Molly Garrett McIntosh declined to attend the burial of her husband, First Lieutenant Donald McIntosh, at Fort Leavenworth on August 3, 1877. She left Fort Abraham Lincoln in the Dakota Territory in late July 1876, a broken woman with no idea how she would go on without her beloved. First Lieutenant McIntosh, the thirty-seven-year-old commander of the Seventh Cavalry’s Company G, fell with the other officers at the Battle of the Little Bighorn. His remains had been identified by his brother-in-law, Lieutenant Frank Gibson. Gibson was with the Seventh’s Company H and part of the detail dispatched to the scene to recover and bury the bodies of his fellow soldiers. According to a report from Lieutenant Charles F. Roe who rode with Gibson on the detail, Donald’s body was found close to the banks of the Little Bighorn River.
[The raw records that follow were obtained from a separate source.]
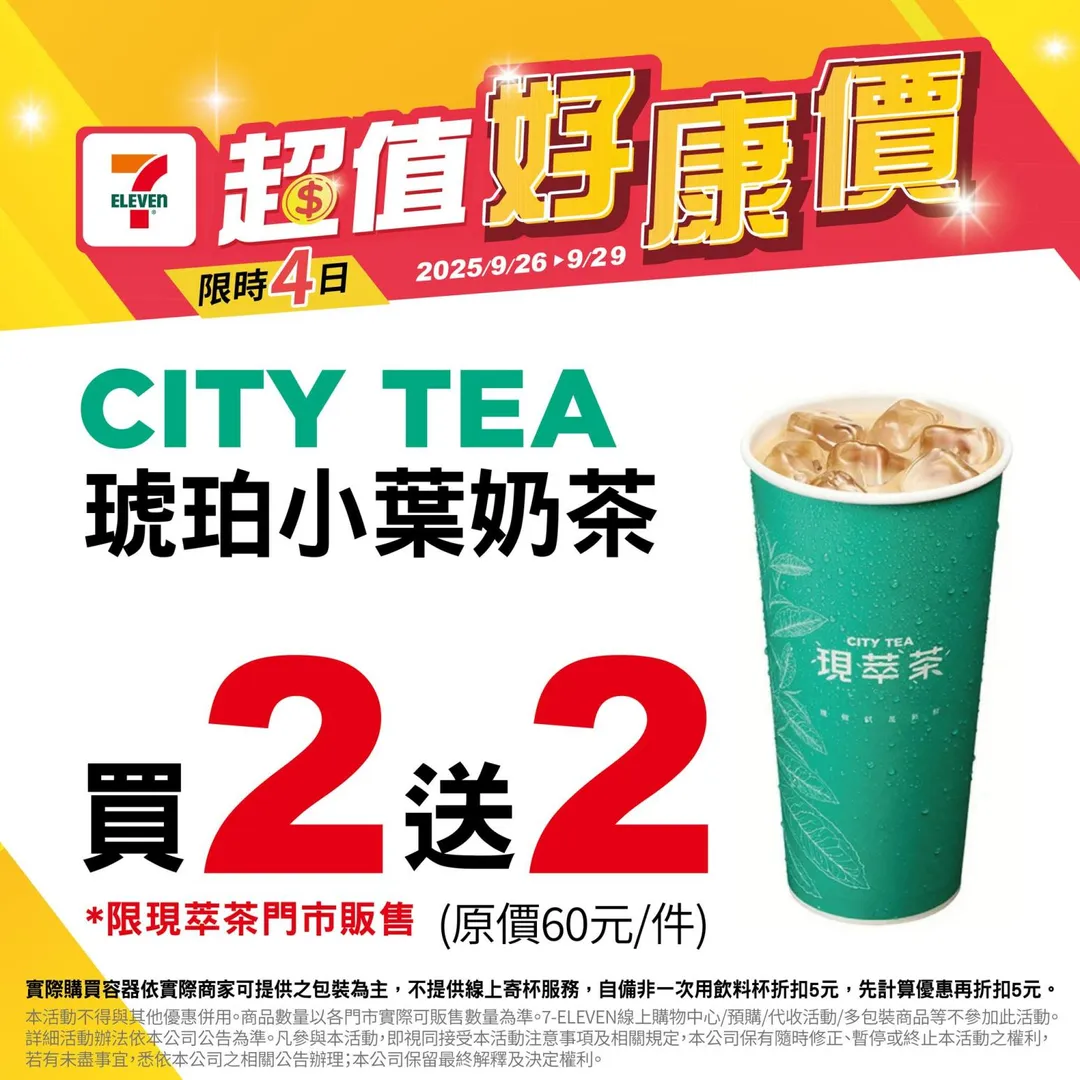 飲品優惠。（圖／7-ELEVEN）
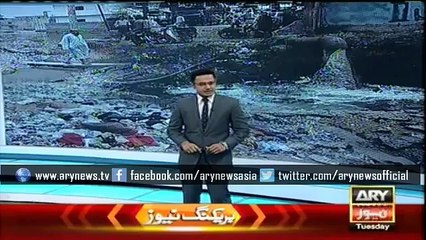 Bilawal Bhutto's pictures now placed on open manholes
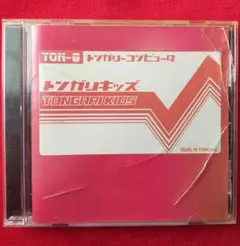 トンガリキッズ 　CD
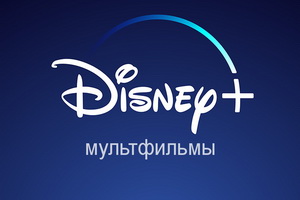 мультфильмы дисней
He had been stripped and scalped; his head was “pounded to jelly.” His remains were identified by the special sleeve buttons found near where his body lay. The “gutta-percha” buttons had been a present from Molly and presented to him just before he had ridden out with General Custer to Montana.* She secretly had had them sewn on his uniform.
Not long after leaving Fort Abraham Lincoln to return to Baltimore to live with her mother, Molly learned of the condition of her husband’s body. She was desperate to find out what had happened to Donald. She knew he kept a journal of his activities. It was a small, dark book he always kept tucked in the pocket of his uniform. Molly wanted to know if the journal had been located. She also wanted to know if his wedding ring had been taken by the Indians after the battle. The ring, gold with a small diamond, bore the initials inside of both Donald and Molly along with the number sixty-six for 1866, the year the two were married. Neither his journal nor his wedding ring was located. Molly’s sister Katherine, wife of Lieutenant Frank Gibson, thought it was cruel not to let her know the truth and gently explained what Frank had shared with her about Donald’s death. Molly was grateful but imagining how her husband suffered drove her to her parents’ home where she shut herself away.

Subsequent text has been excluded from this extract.